▶ **YOUR TASK**
Would you return, word for word, the lines running from the one with "Pre Owned Prada" to the final line of the listing below, pictures omitted?

▶ **MATERIAL FOR THE TASK**
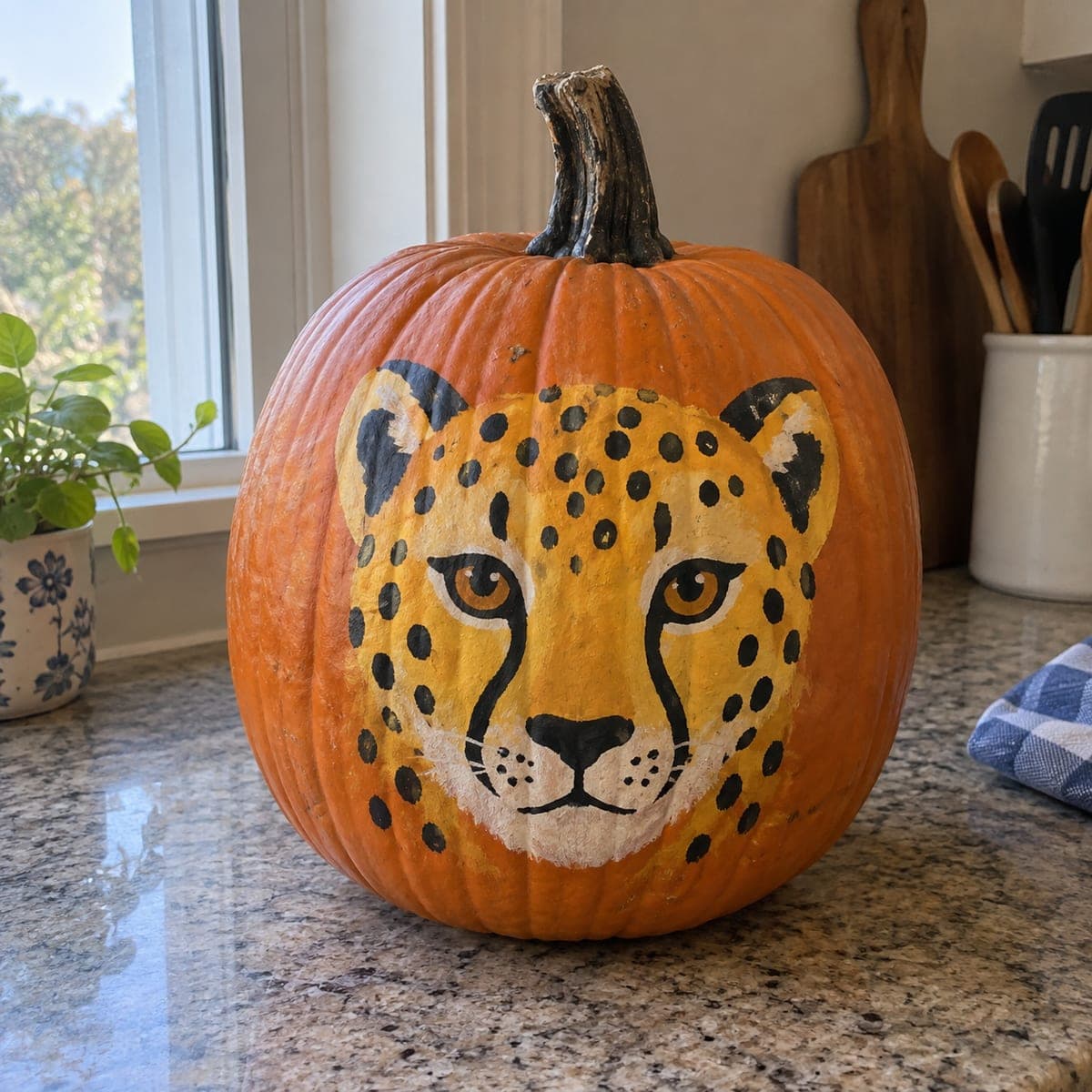 Cheetah Face Painted No-Carve Pumpkin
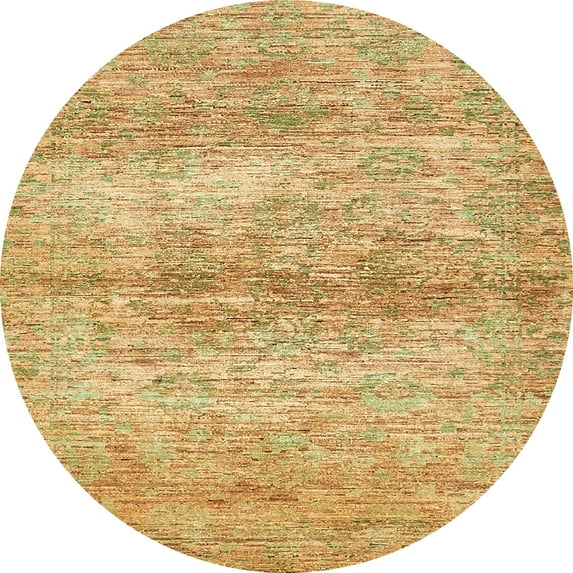 Ahgly Company Machine Washable Indoor Round Abstract Chrome Gold Yellow Area Rugs, 5' Round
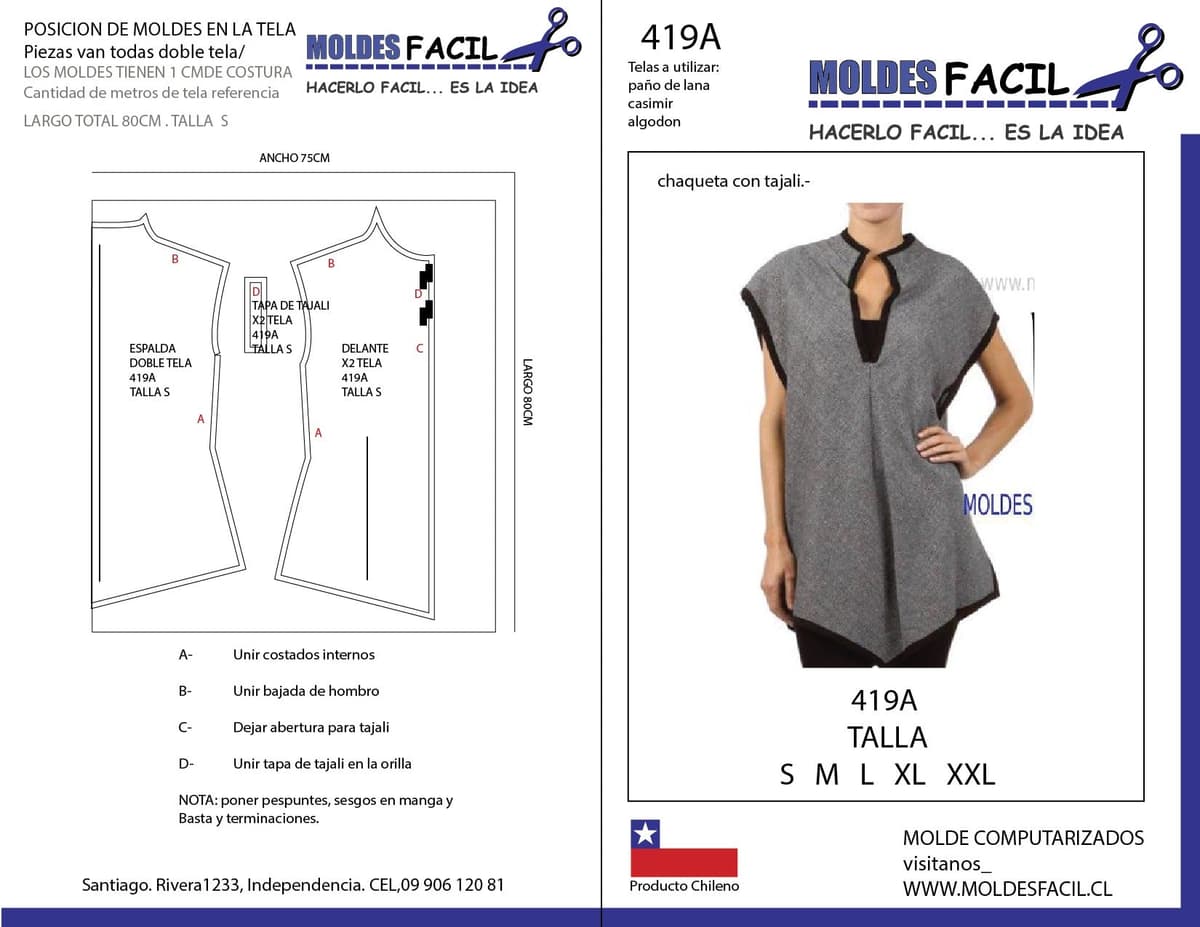 Patrón de costura Chaqueta con tajalí — Moldes Fácil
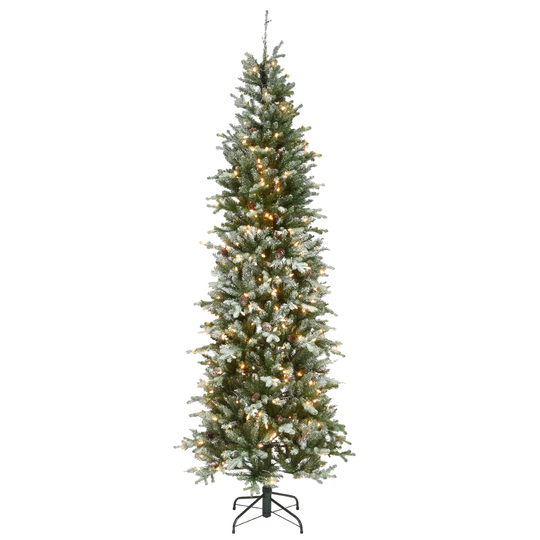 7.5 ft. Snowy Morgan Spruce Pencil Slim Tree with Clear Lights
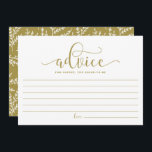 Gold-Kalligrafie-Förderung für die Braut Hinweiskarte<br><div class="desc">Gold Calligraphy Advice for the Bride to be Card | Notieren Sie sich Ihren Rat für die zukünftige Braut mit dieser leeren Erinnerungen-Karte. Es zeichnet sich durch eine Kalligraphie mit Laub-Muster aus. Matching-Elemente sind verfügbar.</div>
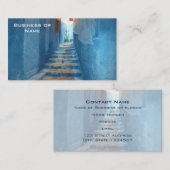 Schmale blaue Treppe in Marokko Visitenkarte (Vorne/Hinten)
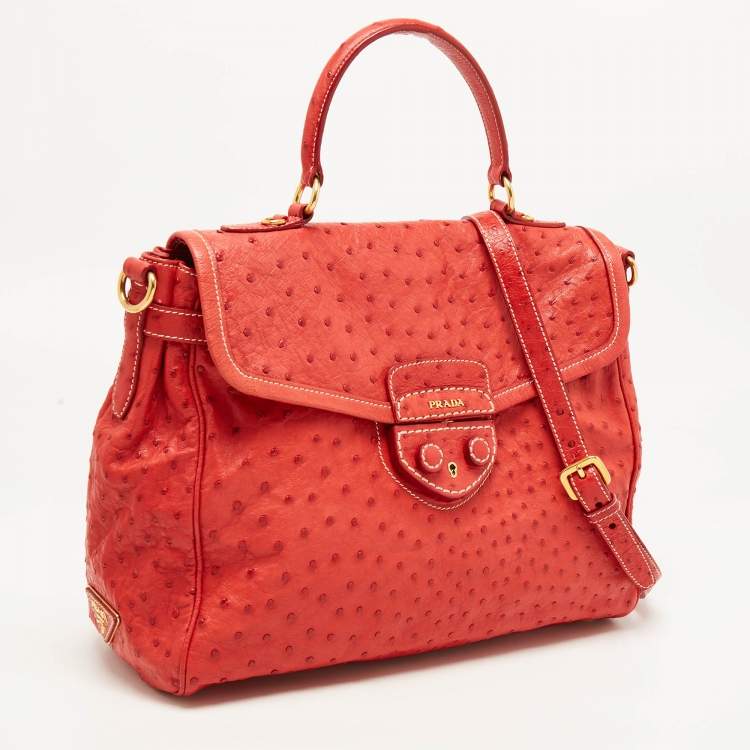 Pre Owned Prada Red Ostrich Pushlock Flap Top Handle Bag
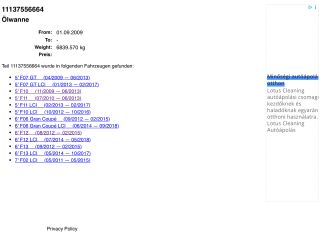 bontott BMW 5 F10 Olajteknő
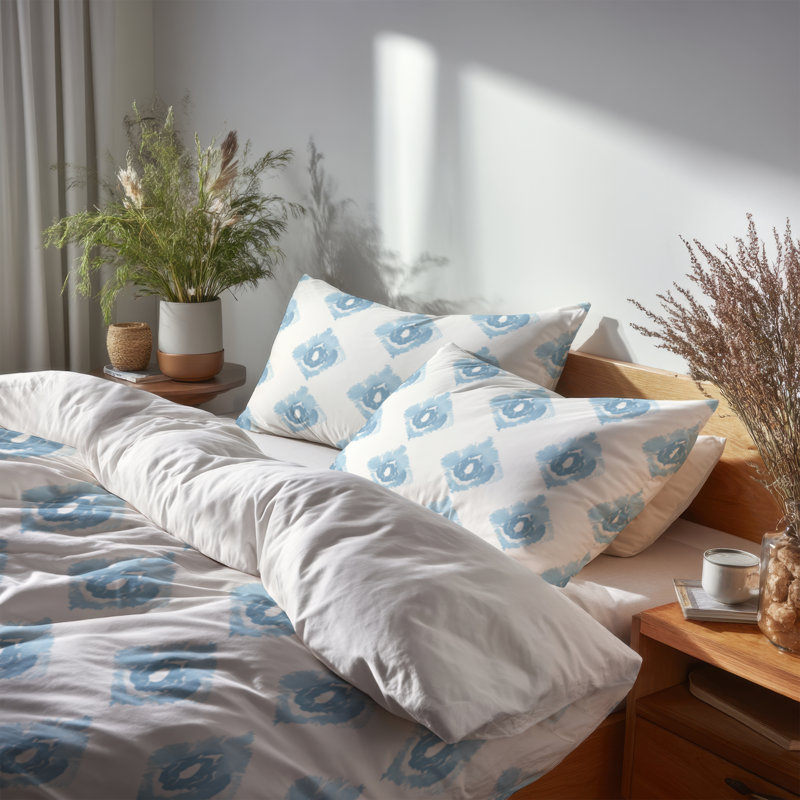 Ensemble de 6 édredons Modern - ensemble de literie et coussin décoratif scandinave bleu et blanc Whisper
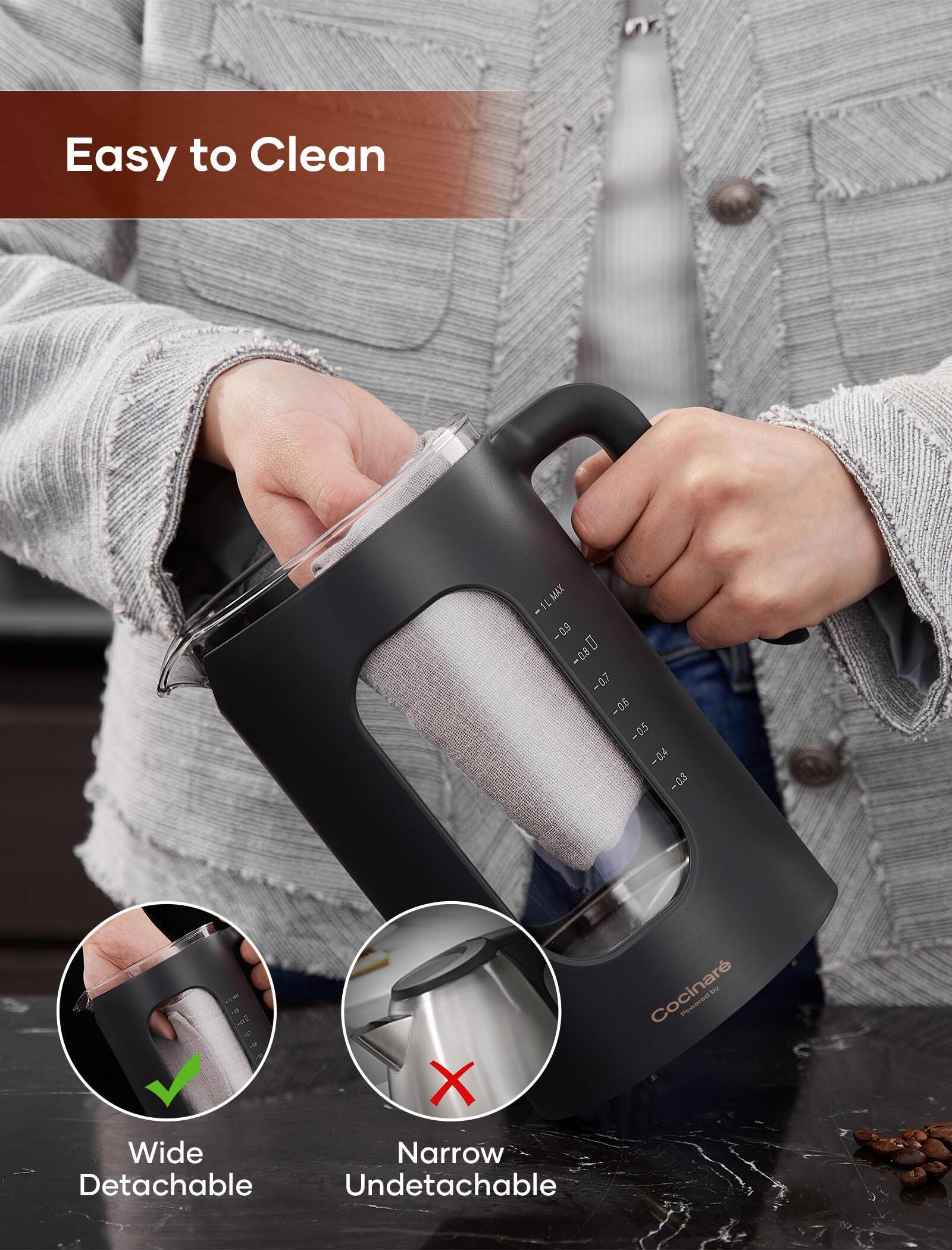 Easy to Clean

1L MAX

Wide Detachable

Narrow Undetachable

Cocinare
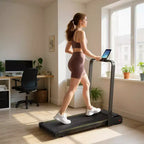 Tapis de marche Soozier, 0,6 à 6,2 mph, pliable, à placer sous un bureau, avec inclinaison, guidon, roues, écran LED et télécommande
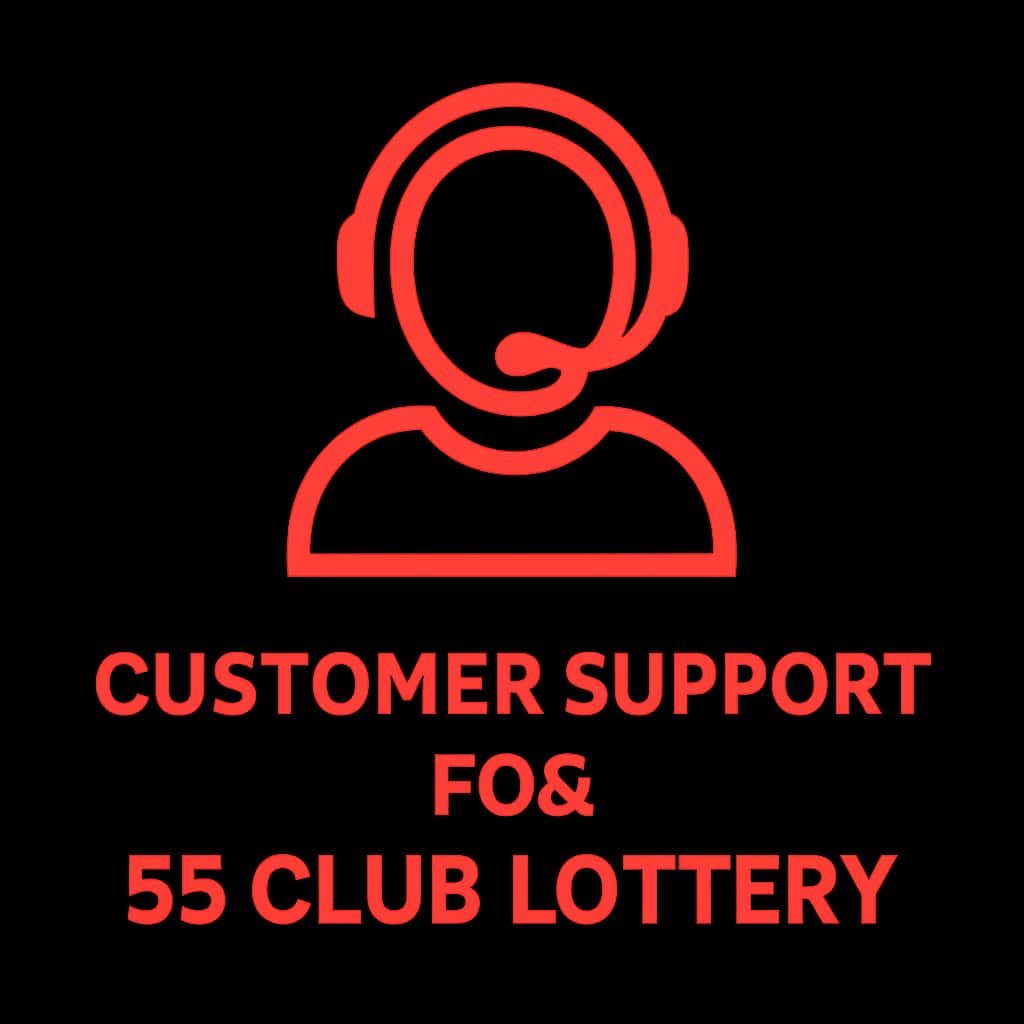 A professional icon for Customer Support for 55 Club Lottery.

▶ **EXERCISE RESULT**
 Pre Owned Prada Red Ostrich Pushlock Flap Top Handle Bag
 bontott BMW 5 F10 Olajteknő
 Ensemble de 6 édredons Modern - ensemble de literie et coussin décoratif scandinave bleu et blanc Whisper
 Easy to Clean

1L MAX

Wide Detachable

Narrow Undetachable

Cocinare
 Tapis de marche Soozier, 0,6 à 6,2 mph, pliable, à placer sous un bureau, avec inclinaison, guidon, roues, écran LED et télécommande
 A professional icon for Customer Support for 55 Club Lottery.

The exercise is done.